— Да, правда, вот это правда, Цезя. И я думал не раз… Большой грех отцов наших и дедов лежит у нас на плечах. И как это поправить, даже исхода не видно… Надо бы разом волю дать всем, как во Франции, в Англии. Но там вся жизнь иначе. Надо бы научить темный люд. Да есть ли время теперь? Надо бы…
— Многое надо бы… А тут уж приспела пора браться за оружие. Больше ждать никто не может! Вот почему, Фредя, и повторяю: боюсь я за отчизну… Хотя самые светлые предсказания выпадают перед нами в минуту начала борьбы. И я, хотя иначе, чем пан будущий гетман Хлопицкий, готов сказать: начнем борьбу и победим… но будем побеждены сами собой.
— Оставь, молчи. Не говори так, Цезя. Мне страшно становится. И наконец, не забывай еще: как нас била судьба! А не сгибла Польша. И народ весь, как отдельные люди, умнеет от прежних уроков и неудач. Ты верно сказал: нарождается молодая Польша.
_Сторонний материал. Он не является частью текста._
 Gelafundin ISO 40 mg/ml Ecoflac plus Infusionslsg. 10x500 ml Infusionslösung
И среди мелкой шляхты, и между ксендзами, в мещанстве, даже у хлопов я встречал людей, которые меня понимали, которым я охотно мог протянуть руку. А мы, а сотни из высшего шляхетства, отвергающие личную выгоду? Готовое на тяжелые личные жертвы ради отчизны и всего народа? Неужели все так и пройдет бесследно? Если нас нынче мало… Будут другие дни! Только надо не унывать, идти упорно к своей цели… И мы, нынче задавленные, побежденные, будем победителями. Не на час, а надолго. На многие годы, пока будет жить Польша. А я верю, она вечно будет жить. Иначе и не явилась бы среди народов такой сильной, яркой, смелой и безрассудной. Безрассудство — не грех. Это временная болезнь народа, как бывает у людей тяжкая хворь. Но мы излечимся сами и излечим наш народ от нее. И он будет равный между равными, а не раб у своих сородичей. Так я верю, так я думаю, Цезя. Так подыми же голову! Не тоскуй сам, не печаль, не обескураживай меня, провинциала, мой мудрый братец!
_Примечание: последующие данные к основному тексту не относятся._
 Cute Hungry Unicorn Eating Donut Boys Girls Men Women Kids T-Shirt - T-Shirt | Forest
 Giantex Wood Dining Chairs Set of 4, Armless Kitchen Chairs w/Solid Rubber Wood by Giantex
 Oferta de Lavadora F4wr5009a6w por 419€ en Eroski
— По вере твоей дастся тебе, Фред. Где мне обескуражить тебя? Слушаю твои фантазии, и светлее стало на душе… Хотя тут же сам смеюсь своему легковерию… Ну, довольно. Мы уж пришли. Теперь ты приблизительно знаешь все, что у нас творится.
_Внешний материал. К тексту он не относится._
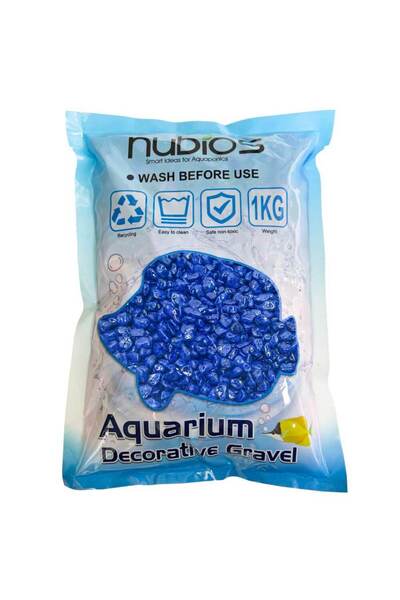 Nubios Pietris decorativ acvariu albastru 1 Kg.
— Да, почти… А главное, вижу, что и как мне надо будет говорить по делу. Мы правда пришли…
В старинных стенах обширного Варшавского университета отведено особое помещение для многолетнего Королевского общества друзей науки, разрешенного всеми властями столицы.
Главными членами и заправилами Общества были профессора, лекторы, которых насчитывалось до пятидесяти, затем ученые профессионалы, проживающие в Варшаве, соискатели степеней и магистранты различных факультетов, частные лица, посвятившие себя каким-либо изысканиям, и члены-корреспонденты за границей.
Кроме закрытых заседаний и бесед, посещаемых исключительно членами Общества, оно устраивало иногда публичные заседания и лекции по разным вопросам научного характера, популярным почему-либо в данную минуту. Для этого Общество пользовалось одной из аудиторий, свободных обычно по вечерам.
Такое именно большое, публичное собрание назначено было Обществом друзей науки на воскресенье вечером 21 ноября, когда оба кузена — Цезарь и Фердинанд Платеры — вошли в освещенный подъезд университетского здания вместе с другой, полупосвященной публикой, спешившей послушать лекцию профессора-историка Лелевеля на тему «Рим-Республика, Рим-Империя».
Граф Цезарь, хорошо знакомый с помещением, прямо из обширной передней вместе с кузеном двинулся не в аудиторию за другими, а в боковые переходы и коридоры, ведущие в библиотеку того же Общества. Здесь одновременно с показным заседанием и лекцией, объявленной открыто, назначено было тайное заседание обширного кружка «Друзей Польши», служившего как бы наследником «Народного союза вольных каменщиков», основанного Маевским, Лукасиньским и компанией в расцвете масонских общин, когда сам Александр I не пренебрегал званием масона и русские власти у себя и в Польше делали всякие поблажки этим «просветительным» организациям.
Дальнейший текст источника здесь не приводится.